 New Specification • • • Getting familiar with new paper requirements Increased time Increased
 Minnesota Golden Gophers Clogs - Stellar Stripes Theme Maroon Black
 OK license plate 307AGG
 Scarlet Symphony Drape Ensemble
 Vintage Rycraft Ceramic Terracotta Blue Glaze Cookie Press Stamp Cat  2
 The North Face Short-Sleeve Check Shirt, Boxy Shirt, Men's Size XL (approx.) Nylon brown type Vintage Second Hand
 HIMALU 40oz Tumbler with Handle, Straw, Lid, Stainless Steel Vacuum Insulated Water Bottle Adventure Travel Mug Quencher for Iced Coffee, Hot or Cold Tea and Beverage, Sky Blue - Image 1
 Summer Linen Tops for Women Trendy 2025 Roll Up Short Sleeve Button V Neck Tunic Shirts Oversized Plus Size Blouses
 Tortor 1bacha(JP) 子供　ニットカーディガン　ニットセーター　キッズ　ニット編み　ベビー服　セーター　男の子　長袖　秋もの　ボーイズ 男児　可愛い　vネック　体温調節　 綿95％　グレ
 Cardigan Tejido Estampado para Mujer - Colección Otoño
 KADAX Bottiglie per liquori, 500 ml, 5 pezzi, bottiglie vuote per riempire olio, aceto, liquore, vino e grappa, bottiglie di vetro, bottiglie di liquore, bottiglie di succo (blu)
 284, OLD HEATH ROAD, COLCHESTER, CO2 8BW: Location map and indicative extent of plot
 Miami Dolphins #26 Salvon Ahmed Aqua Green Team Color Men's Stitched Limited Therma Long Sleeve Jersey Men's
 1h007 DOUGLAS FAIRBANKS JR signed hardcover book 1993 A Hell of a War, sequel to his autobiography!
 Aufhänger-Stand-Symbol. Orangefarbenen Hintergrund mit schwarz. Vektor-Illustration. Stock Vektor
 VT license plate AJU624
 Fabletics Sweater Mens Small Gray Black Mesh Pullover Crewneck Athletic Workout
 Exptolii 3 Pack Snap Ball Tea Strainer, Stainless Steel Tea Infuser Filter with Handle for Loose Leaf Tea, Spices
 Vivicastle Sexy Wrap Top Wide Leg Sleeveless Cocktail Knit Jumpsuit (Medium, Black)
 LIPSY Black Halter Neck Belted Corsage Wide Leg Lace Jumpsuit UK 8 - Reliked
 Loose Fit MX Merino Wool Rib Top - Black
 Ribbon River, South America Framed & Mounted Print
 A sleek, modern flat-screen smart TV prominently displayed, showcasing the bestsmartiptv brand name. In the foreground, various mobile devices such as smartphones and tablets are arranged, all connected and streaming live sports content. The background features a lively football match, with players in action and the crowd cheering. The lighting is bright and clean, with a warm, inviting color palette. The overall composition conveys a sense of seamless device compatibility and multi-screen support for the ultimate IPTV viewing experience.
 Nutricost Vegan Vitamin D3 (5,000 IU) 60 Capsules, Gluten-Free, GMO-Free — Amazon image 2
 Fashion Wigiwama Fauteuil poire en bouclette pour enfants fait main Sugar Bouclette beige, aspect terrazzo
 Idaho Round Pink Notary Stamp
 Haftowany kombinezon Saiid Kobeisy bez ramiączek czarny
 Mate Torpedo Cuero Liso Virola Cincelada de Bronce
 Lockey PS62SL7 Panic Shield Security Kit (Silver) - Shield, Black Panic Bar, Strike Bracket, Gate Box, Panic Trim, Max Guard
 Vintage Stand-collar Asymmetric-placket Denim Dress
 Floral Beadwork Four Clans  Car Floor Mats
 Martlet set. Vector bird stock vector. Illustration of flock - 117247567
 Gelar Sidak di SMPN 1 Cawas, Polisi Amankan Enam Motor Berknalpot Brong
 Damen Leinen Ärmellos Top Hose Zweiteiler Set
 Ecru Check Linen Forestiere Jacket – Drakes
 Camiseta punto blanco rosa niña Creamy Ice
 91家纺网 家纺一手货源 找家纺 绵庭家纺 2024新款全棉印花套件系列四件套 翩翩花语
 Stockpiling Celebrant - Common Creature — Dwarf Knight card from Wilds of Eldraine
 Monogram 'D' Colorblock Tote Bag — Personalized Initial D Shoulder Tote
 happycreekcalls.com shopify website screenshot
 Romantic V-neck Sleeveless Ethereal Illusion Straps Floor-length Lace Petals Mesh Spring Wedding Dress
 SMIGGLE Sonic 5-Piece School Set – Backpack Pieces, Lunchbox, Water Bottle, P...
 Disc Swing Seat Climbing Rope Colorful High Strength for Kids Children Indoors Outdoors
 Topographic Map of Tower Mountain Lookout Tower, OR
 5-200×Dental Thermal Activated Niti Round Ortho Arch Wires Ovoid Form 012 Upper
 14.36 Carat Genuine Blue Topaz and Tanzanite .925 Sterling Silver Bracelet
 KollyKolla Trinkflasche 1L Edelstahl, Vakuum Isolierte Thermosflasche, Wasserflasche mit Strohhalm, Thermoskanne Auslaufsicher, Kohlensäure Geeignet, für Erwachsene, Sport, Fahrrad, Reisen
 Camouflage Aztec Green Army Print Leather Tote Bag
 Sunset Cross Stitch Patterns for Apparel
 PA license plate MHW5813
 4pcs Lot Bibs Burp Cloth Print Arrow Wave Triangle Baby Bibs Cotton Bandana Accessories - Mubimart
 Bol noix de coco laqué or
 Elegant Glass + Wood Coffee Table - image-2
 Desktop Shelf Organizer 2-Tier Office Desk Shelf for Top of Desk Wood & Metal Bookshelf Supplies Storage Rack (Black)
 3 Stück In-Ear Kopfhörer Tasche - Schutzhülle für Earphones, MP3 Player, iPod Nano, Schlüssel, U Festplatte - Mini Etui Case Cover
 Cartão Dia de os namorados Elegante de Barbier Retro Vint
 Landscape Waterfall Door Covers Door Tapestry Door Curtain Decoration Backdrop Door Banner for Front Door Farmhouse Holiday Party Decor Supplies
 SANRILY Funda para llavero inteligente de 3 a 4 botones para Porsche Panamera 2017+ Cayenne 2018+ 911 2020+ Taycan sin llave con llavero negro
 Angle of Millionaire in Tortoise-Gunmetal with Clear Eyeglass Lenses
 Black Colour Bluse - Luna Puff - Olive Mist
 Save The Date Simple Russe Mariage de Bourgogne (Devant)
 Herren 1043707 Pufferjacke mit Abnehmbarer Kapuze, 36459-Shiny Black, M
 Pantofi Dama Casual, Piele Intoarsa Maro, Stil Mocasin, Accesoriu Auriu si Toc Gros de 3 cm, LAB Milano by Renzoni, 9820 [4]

•••••

• [Task instructions]
Using the records above, output exactly the lines from the first through the line that contains "Cardigan Tejido Estampado", with both of those included.

• [Solution to this task]
 New Specification • • • Getting familiar with new paper requirements Increased time Increased
 Minnesota Golden Gophers Clogs - Stellar Stripes Theme Maroon Black
 OK license plate 307AGG
 Scarlet Symphony Drape Ensemble
 Vintage Rycraft Ceramic Terracotta Blue Glaze Cookie Press Stamp Cat  2
 The North Face Short-Sleeve Check Shirt, Boxy Shirt, Men's Size XL (approx.) Nylon brown type Vintage Second Hand
 HIMALU 40oz Tumbler with Handle, Straw, Lid, Stainless Steel Vacuum Insulated Water Bottle Adventure Travel Mug Quencher for Iced Coffee, Hot or Cold Tea and Beverage, Sky Blue - Image 1
 Summer Linen Tops for Women Trendy 2025 Roll Up Short Sleeve Button V Neck Tunic Shirts Oversized Plus Size Blouses
 Tortor 1bacha(JP) 子供　ニットカーディガン　ニットセーター　キッズ　ニット編み　ベビー服　セーター　男の子　長袖　秋もの　ボーイズ 男児　可愛い　vネック　体温調節　 綿95％　グレ
 Cardigan Tejido Estampado para Mujer - Colección Otoño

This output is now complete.